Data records
==================================================
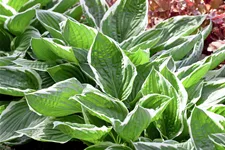 Hosta sieboldiana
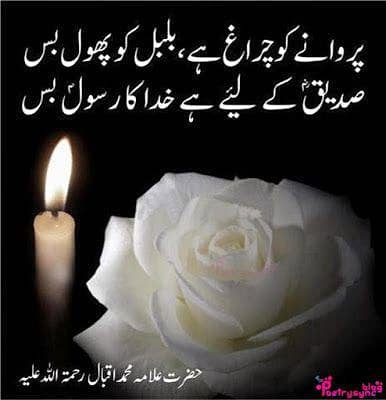 nzra quran and hifzol quran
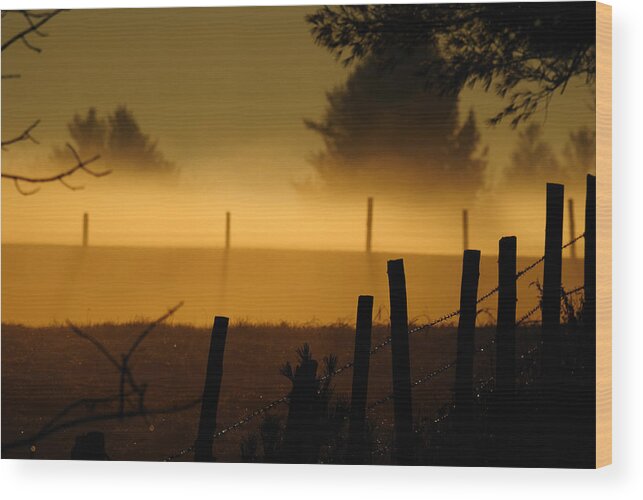 Maine Wood Print featuring the photograph Barbed Silhouette by Paul Noble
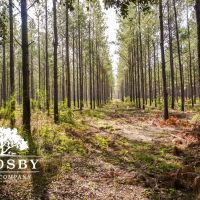 Bull Pond Road Tract images 2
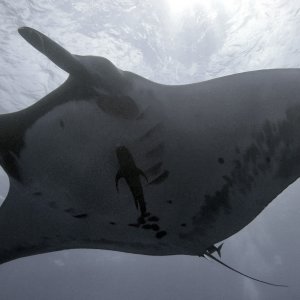 manta.jpg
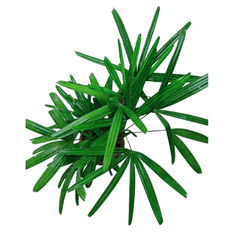 Rhapis Palm / Lady Palm with Pot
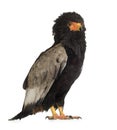 Bateleur (10 years) - Terathopius ecaudatus Royalty Free Stock Photo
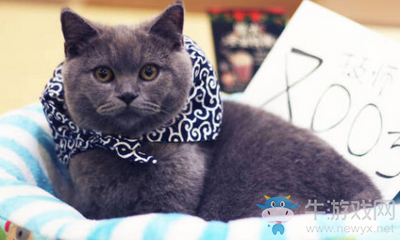 武俠搞事錄：圣誕特輯 擼貓周邊統統一起上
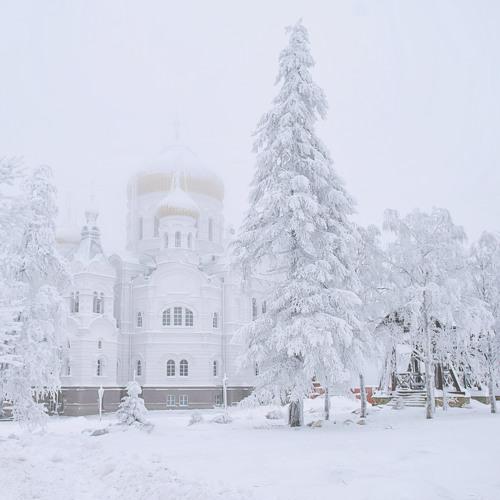 Photo #2851677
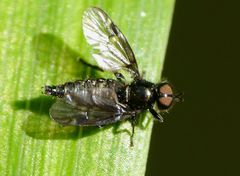 Berisina maculipennis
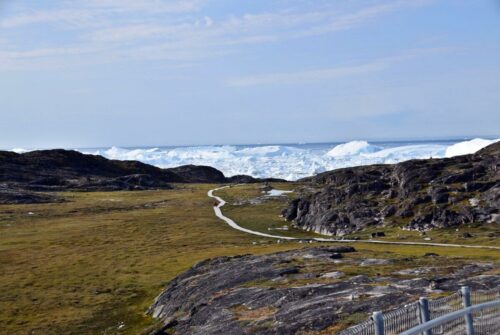 DSC 0156 (1) (1) (1) (1)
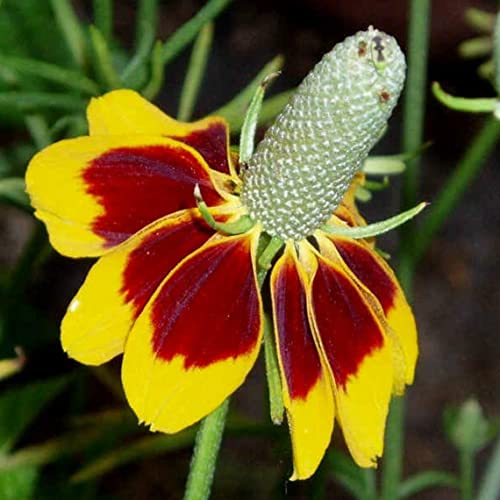 Mexican Hat Seeds Rare Drought Tolerant Deer Coneflower Flower 100 Seeds #TOP1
==================================================
REQUIRED ACTION: All the data above is to be transcribed exactly, with no pictures included.

ANSWER TO THIS TASK:
 Hosta sieboldiana
 nzra quran and hifzol quran
 Maine Wood Print featuring the photograph Barbed Silhouette by Paul Noble
 Bull Pond Road Tract images 2
 manta.jpg
 Rhapis Palm / Lady Palm with Pot
 Bateleur (10 years) - Terathopius ecaudatus Royalty Free Stock Photo
 武俠搞事錄：圣誕特輯 擼貓周邊統統一起上
 Photo #2851677
 Berisina maculipennis
 DSC 0156 (1) (1) (1) (1)
 Mexican Hat Seeds Rare Drought Tolerant Deer Coneflower Flower 100 Seeds #TOP1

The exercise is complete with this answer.